Art and the Shabbat

April 15, 2016

Every week, Jody Hirsh, the JCC's Judaic Education Director, provides a Judaic message that is featured at the top of the JCC's weekly email newsletter. Below is the Shabbat message for Friday, April 15, 2016.

Art and the Shabbat

This unusual Shabbat Scene was painted by Moritz Daniel Oppenheim (1800 – 1882). Oppenheim is considered “the first Jewish artist.”  Strictly speaking, this isn’t true – there were Jewish artists throughout the last two millennia – however he is the first famous Jewish artist, and the first Jewish artist who was accepted by the Non-Jewish German Society.  Oppenheim was classically trained, and built his reputation by painting portraits of the rich and powerful in Nineteenth Century German society. He was known as the “Painter of the Rothschild’s” since he was the Rothschild family official portraitist. He was a prime example of the Nineteenth Century German Enlightenment: an observant Jew who was full accepted as a German citizen and patriot. His most important contributions to our understanding of Jewish history were his paintings of Jewish life.

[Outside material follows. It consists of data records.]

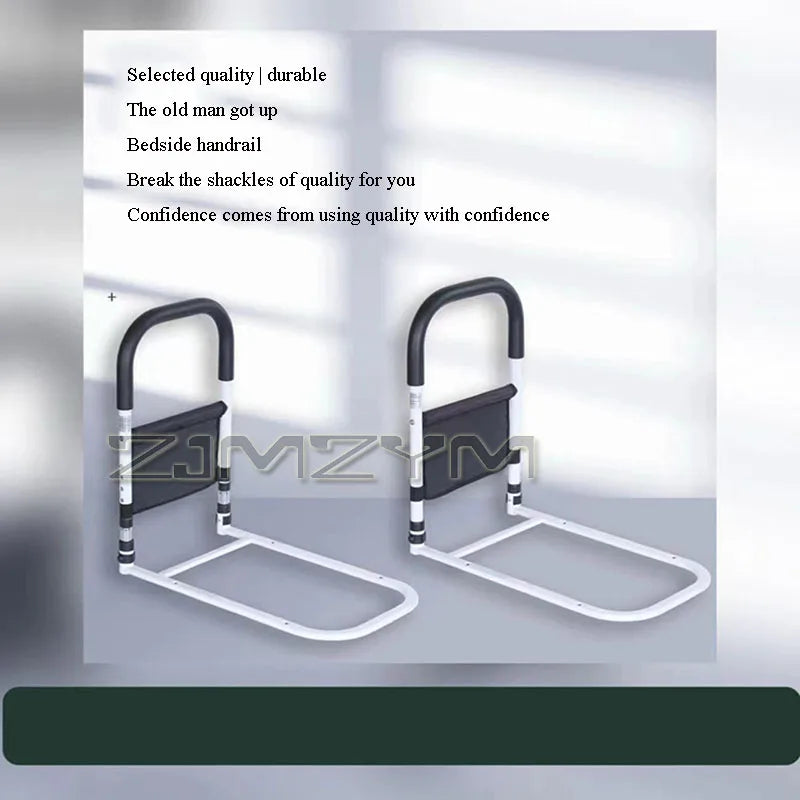 Elderly Bedside Safety Guardrail – Adjustable Anti-Fall Bed Support Rail for Seniors & Pregnant Users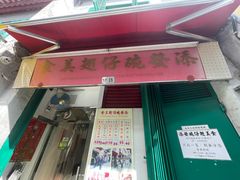 -添發碗仔翅美食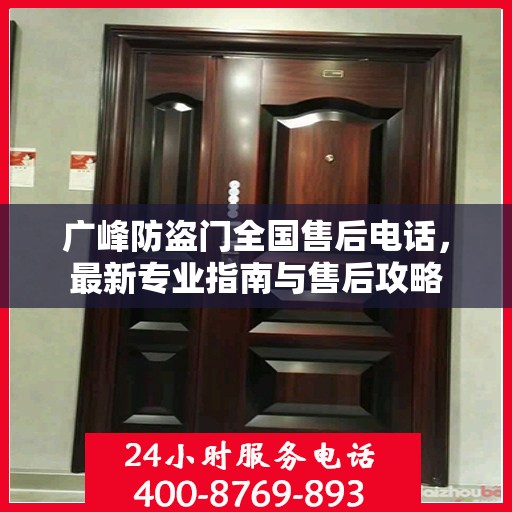 广峰防盗门全国售后电话，最新专业指南与售后攻略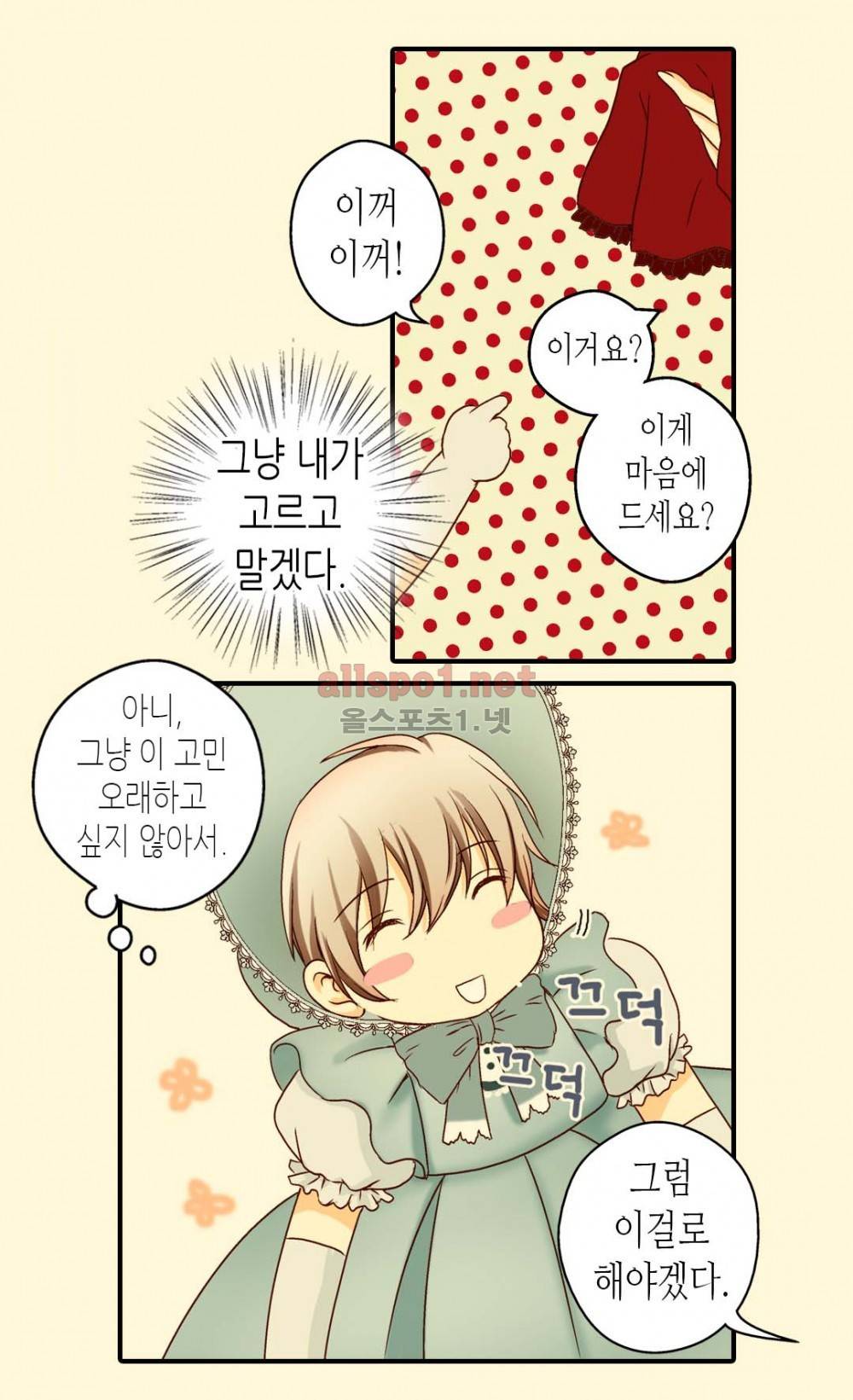 황제의 외동딸 14화 5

This particular painting, “The Return of the Jewish Volunteer from the Wars of Liberation to His Family Still Living According to Old Customs” was painted in 1833, and depicts the events of twenty years earlier: a wounded Jewish soldier returns home after fighting in the Napoleonic Wars. It is Shabbat, yet this soldier has traveled on Shabbat to return to his family. The insignia on his uniform is the Iron Cross of Germany – a decidedly Christian symbol, yet he wears it proudly as a soldier who served his country with pride. His observant family is proud of him and worried about his wounds, and glad he returned home relatively safely from the Wars. The picture fully depicts the contradictions the Enlightenment and of Jewish citizenship in the Non-Jewish world. The family is both Jewish and German . . . note the Mizrach on the rear wall (framed calligraphy with the word Mizrach, “East” pointing eastward toward Jerusalem) and a picture of an equestrian Emperor Frederick the Great on the wall to the left.  They are Germans. They are observant Jews. Although Oppenheim himself never served in the army, this picture represents the conflicts of being Jewish and an enlightened German citizen.